Me estoy refiriendo al descubrimiento de petróleo en la provincia de Burgos y a la llegada de Beria, sí, Laurenti Beria, el asesino de Estado por excelencia durante el periodo estaliniano, que acababa de alcanzar Málaga en un submarino y pedía asilo político ¡a Franco! En las ocasiones que he contado a mis hijos o a gente más joven estas historias, noto en su manera de seguir mi relato una cierta inclinación a la piedad. Me miran como si me hubiera vuelto tonto, o que mi imaginación saltara y hubiera entrado en ese nirvana en el que se mezcla el alzheimer con la desbordante imaginación de los abuelos. ¡Lo juro - no sé por qué razón está mal visto que juren los no creyentes-, juro por mi honor, que cuando era niño aseguraban que había una bolsa incalculable de petróleo en Burgos y que el ABC informó, en primicia para todo el mundo, de la arribada de Laurenti Beria en submarino a nuestras costas! Y entonces, después de decirlo, me quedo parado y me entra la duda. No estaré volviéndome loco en el día de los Inocentes.

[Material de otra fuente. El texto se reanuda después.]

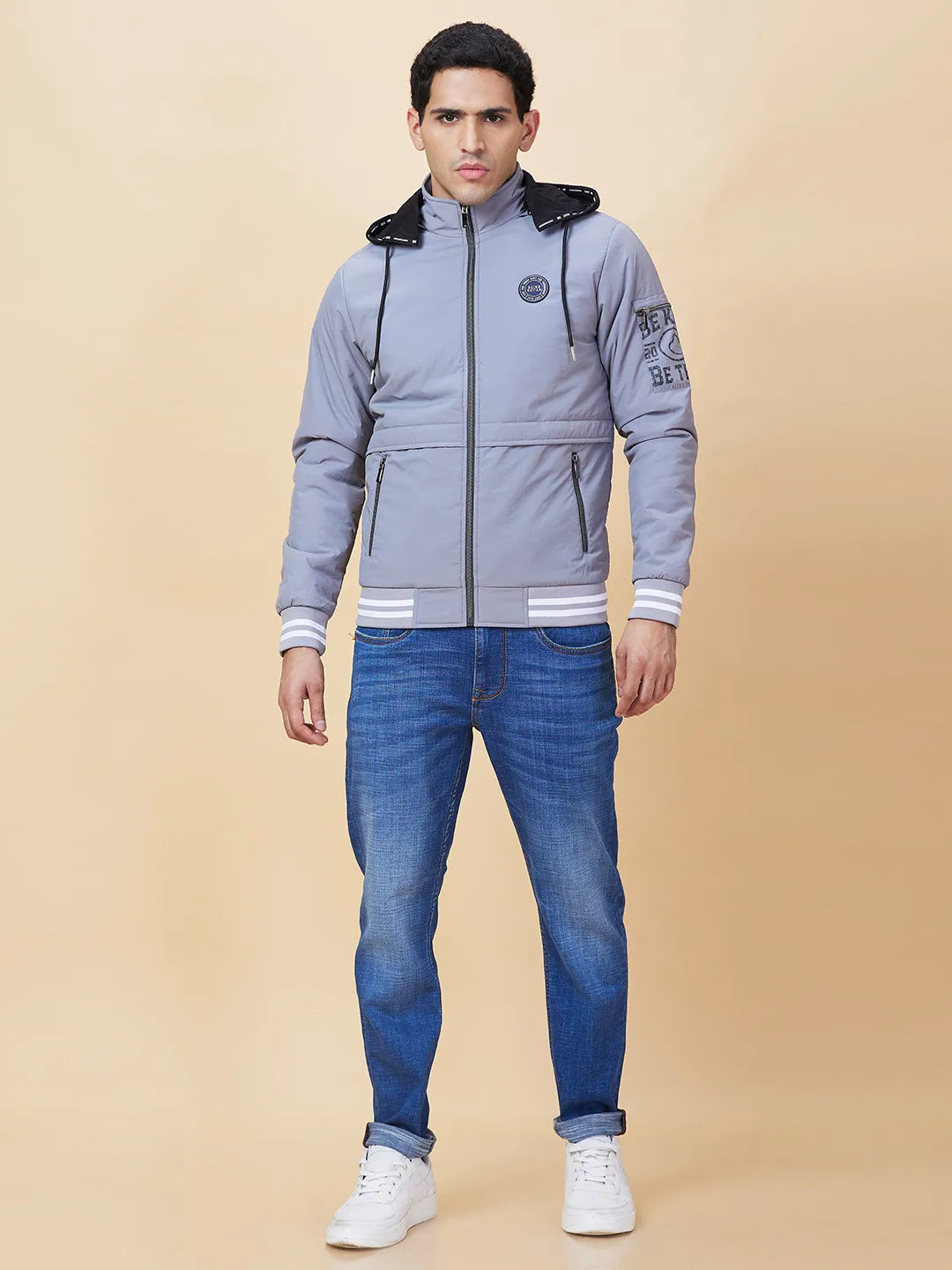 Grey Regular Fit Men's Jacket by Being Human Clothing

Nuestro mundo se acabó, felizmente. Y ahora la inocentada pertenece a la sociedad en su conjunto. Porque no se trata de un día ni de dos, sino de una continuidad. Se podría hacer un relato cotidiano de inocentadas. Me bastaría con estar atento a los periódicos y les aseguro que no me faltaría material para suministrarles una inocentada diaria. Como mínimo. Pero lo que ocurre es que el sentido de la inocentada ha cambiado radicalmente. Lo que para nosotros era una inocentada, es decir, una crueldad ingenua, ahora se ha convertido en otra cosa más compleja. Los inocentes manejan un material, y por tanto unas posibilidades inabordables para nosotros. Por ejemplo. Yo les podría narrar una inocentada contemporánea. Sin ir más lejos la historia de Andy Bathie, un bombero británico de 37 años que hizo de semental para dos lesbianas que deseaban tener un hijo. Fue hace cinco años, y todo marchó bien, según las normas de las impecables costumbres marcadas por la tradición británica. Nació una niña, preciosa e inocente, por supuesto. Pero he aquí que el matrimonio femenino no funcionó, cosa que por otra parte le pasa a todo tipo de parejas, pero la singularidad es que llevado el asunto ante los tribunales, la Agencia Británica para la Protección de la Infancia, tras mucho pensárselo, ha decidido que como hay dificultades entre las dos mujeres para que se hagan cargo de la niña, el que debe pagar la manutención es el gilipollas del bombero.

Esa es una inocentada posmoderna, para la que nosotros, bárbaros y crueles pueblerinos, hubiéramos carecido de imaginación. Pero hoy les propongo otra aún más singular. ¿Se acuerdan del gran Lucio Dalla, el cantante poeta, icono de la izquierda en Italia durante muchos años? Acabo de leer que se ha hecho del Opus Dei, y como lo leí ayer, día de los Inocentes, en un diario italiano, pensé que se trataba de una inocentada. Pero me aseguran que en Italia las bromas para inocentes sólo se consienten el día primero de abril. Quizá habría que proponer una nueva reivindicación: ¡por un mundo sin inocentadas!